Re: Deadlock due to EPT_VIOLATION

Amaan Cheval <amaan.cheval@xxxxxxxxx> · Wed, 2 Aug 2023 22:15:36 +0530

> LOL, NUMA autobalancing.  I have a longstanding hatred of that feature.  I'm sure
> there are setups where it adds value, but from my perspective it's nothing but
> pain and misery.

Do you think autobalancing is increasing the odds of some edge-case race
condition, perhaps?
I find it really curious that numa_balancing definitely affects this issue, but
particularly when thp=0. Is it just too many EPT entries to install
when transparent hugepages is disabled, increasing the likelihood of
a race condition / lock contention of some sort?

> > They still remain locked up, but that might be because the original cause of the
> > looping EPT_VIOLATIONs corrupted/crashed them in an unrecoverable way (are there
> > any ways you can think of that that might happen)?
>
> Define "remain locked up".  If the vCPUs are actively running in the guest and
> making forward progress, i.e. not looping on VM-Exits on a single RIP, then they
> aren't stuck from KVM's perspective.

Right, the traces look like they're not stuck (i.e. no looping on the same
RIP).
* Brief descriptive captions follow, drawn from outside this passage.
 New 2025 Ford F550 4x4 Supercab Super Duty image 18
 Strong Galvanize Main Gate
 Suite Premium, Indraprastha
By "remain locked up" I mean that the VM is unresponsive on both the
console and services (such as ssh) used to connect to it.
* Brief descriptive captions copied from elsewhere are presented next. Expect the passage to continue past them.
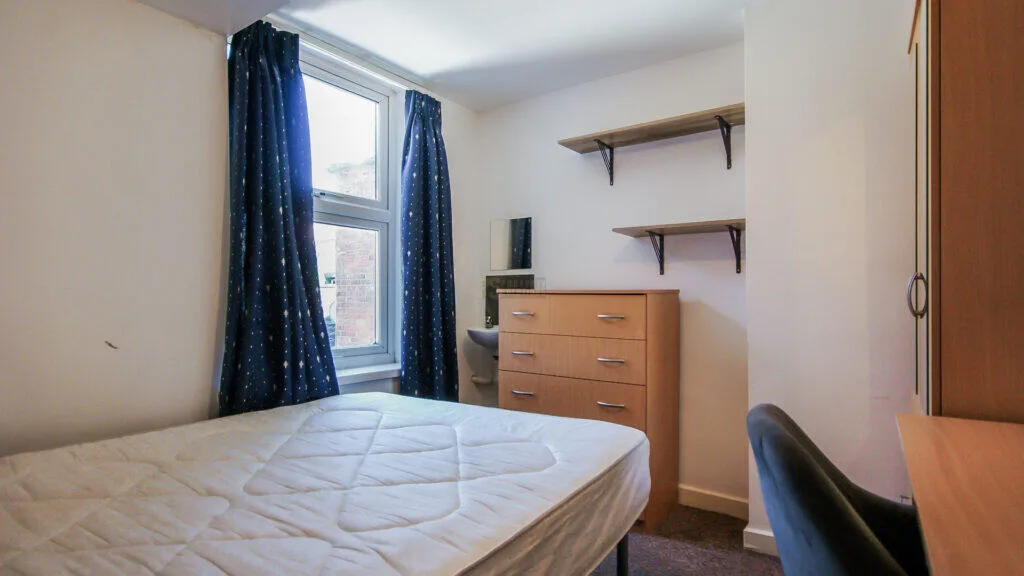 8 bedroom terraced house for rent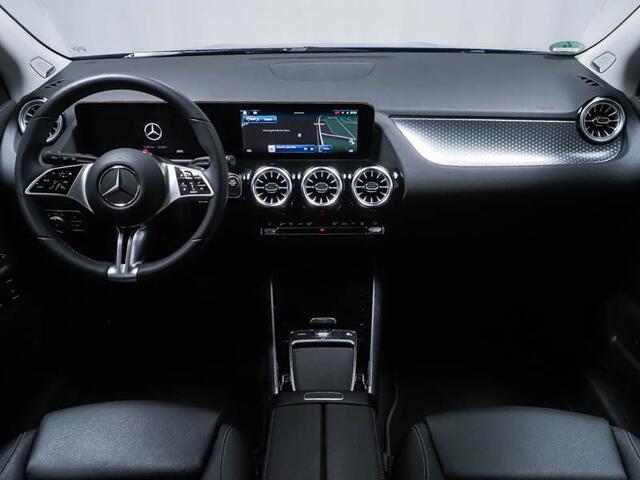 Mercedes-Benz GLA-KLASSE 250 e Face Lift Plug-In Hybride Progressive Line Advanced Plus | Night Pakket | Burmester® | Dodehoek Assist | Voorstoelen Memory | 360°-Camera. Inclusief 24 maanden MB Certified garantie voor Europa.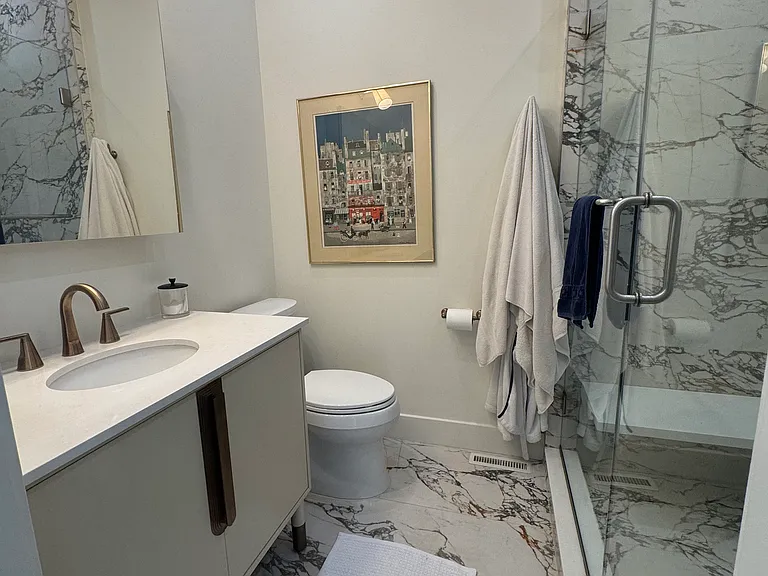 637 Spruce St — Photo 10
> But that doesn't mean the guest didn't take punitive action when a vCPU was
> effectively stalled indefinitely by KVM, e.g. from the guest's perspective the
> stuck vCPU will likely manifest as a soft lockup, and that could lead to a panic()
> if the guest is a Linux kernel running with softlockup_panic=1.
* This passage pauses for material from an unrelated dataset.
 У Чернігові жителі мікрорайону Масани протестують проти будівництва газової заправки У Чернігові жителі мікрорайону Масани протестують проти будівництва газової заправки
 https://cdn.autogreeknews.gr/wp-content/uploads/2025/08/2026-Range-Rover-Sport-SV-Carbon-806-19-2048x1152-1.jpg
So far we haven't had any guest kernels with softlockup_panic=1 have this issue,
so it's hard to confirm, but it makes sense that the guest took punitive action
in response to being stalled.

Any thoughts on how we might reproduce the issue or trace it down better?

Anything look suspect in the function_graph trace?
(Note that this was on a host that had numa_balancing=0,thp=1 from before
the guest booted, and it still ended up in the EPT_VIOLATION loop and
"locked up" (unresponsive on console).)